Oh well. Life isn’t a sale on spoiled milk.

There’s quite a few things on sale this week. The key, though, is to find the sales that directly apply to me. If I were to just cut every coupon willy-nilly and buy everything in the coupon book, then I would be wasting more than I was saving. That’s one of those lessons I had to learn the hard way.

Too many years spent never passing on a “deal”. But I was the sucker. I became the product, and it felt like the coupons were cutting me more than I them.

When I finished cutting my coupons for the week, I carefully go over them as if they are a religious artifact that could change form at any minute. I etch out a carefully laid plan of attack. It details everything I will cook and eat for the week, with a few modifications just in case things don’t go to plan. Then I compose a grocery list that chronicles the path I will take when I arrive at the store.
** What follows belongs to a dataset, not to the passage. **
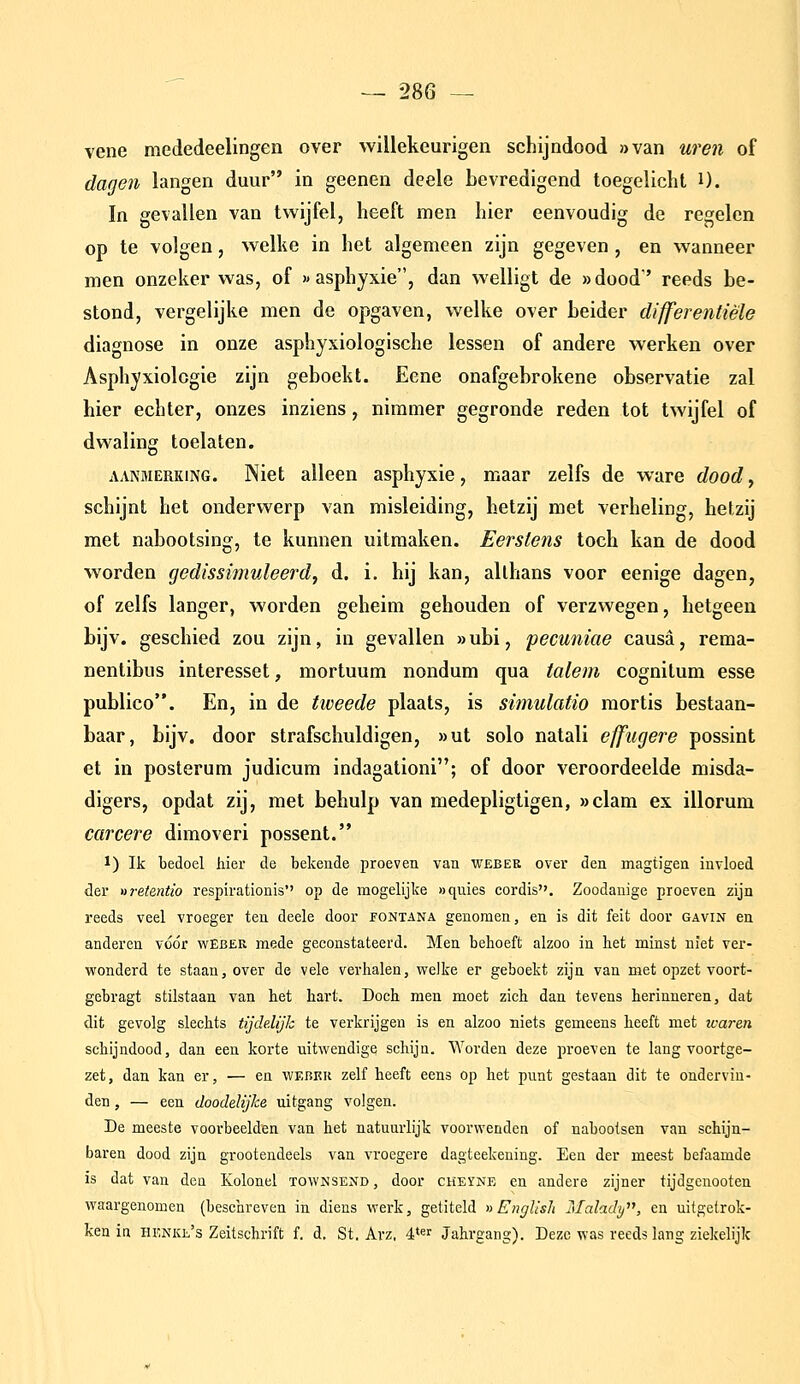 vene mededeelingen over willekeurigen schijndood »van uren of dagen langen duur in geenen deele bevredigend toegelicht i). In gevallen van twijfel, heeft men hier eenvoudig de regelen op te volgen, welke in het algemeen zijn gegeven , en wanneer men onzeker was, of «asphyxie, dan welligt de »dood'' reeds be- stond, vergelijke men de opgaven, welke over beider differentiële diagnose in onze asphyxiologische lessen of andere werken over Asphyxiolcgie zijn geboekt. Eene onafgebrokene observatie zal hier echter, onzes inziens, nimmer gegronde reden tot twijfel of dwaling toelaten. AANMERKING. Niet alleen asphyxie, maar zelfs de ware dood, schijnt het onderwerp van misleiding, hetzij met verheling, hetzij met nabootsing, te kunnen uitmaken. Eerstens toch kan de dood worden gedissimuleerd, d. i, hij kan, allhans voor eenige dagen, of zelfs langer, worden geheim gehouden of verzwegen, hetgeen bijv. geschied zou zijn, in gevallen »ubi, pecuniae causa, rema- nentibus interesset, mortuum nondum qua talem cognitum esse publico. En, in de tweede plaats, is simulatio mortis bestaan- baar, bijv. door strafschuldigen, »ut solo natali efftigere possint et in posterum judicum indagationi; of door veroordeelde misda- digers, opdat zij, met behulp van medepligtigen, »clam ex illorum carcere dimoveri possent. 1) Ik bedoel hier de bekende proeven van web er over den magtigen invloed der ureientio respirationis*' op de mogelijke «quies cordis. Zoodanige proeven zijn reeds veel vroeger ten deele door jfontana genomen, en is dit feit door gavin en anderen vóór wEber mede geconstateerd. Men behoeft alzoo in het minst niet ver- wonderd te staan, over de vele verhalen, welke er geboekt zijn van met opzet voort- gebragt stilstaan van het hart. Doch men moet zich dan tevens herinneren, dat dit gevolg slechts tijdelijk te verkrijgen is en alzoo niets gemeens heeft met icaren schijndood, dan een korte uitwendige schijn. Worden deze proeven te lang voortge- zet, dan kan er, ■— en webek zelf heeft eens op het punt gestaan dit te ondervin- den , — een doodelijke uitgang volgen. De meeste voorbeelden van het natuurlijk voorwenden of nabootsen van schijn- baren dood zijn grootendeels van vroegere dagteekening. Een der meest befaamde is dat van den Kolonel townsend, door cheyne en andere zijner tijdgenooten waargenomen (beschreven in diens werk, getiteld nEnglisli Malady, en uitgetrok- ken in henke's Zeitschrift f. d, St. Avz, 4*«r Jahrgang). Deze was reeds lang ziekelijk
Every aisle, every corner, every department, chosen and predetermined to make my grocery run as efficient and painless as possible.

When I finish shopping and stand before the gatekeeper of groceries, aka, the cashier, I will present to them my carefully manicured clippings of astroparchment savings stacked neatly in my wallet. And I will watch, bask, as the price of my wares steadily tumbles. And I will be satisfied.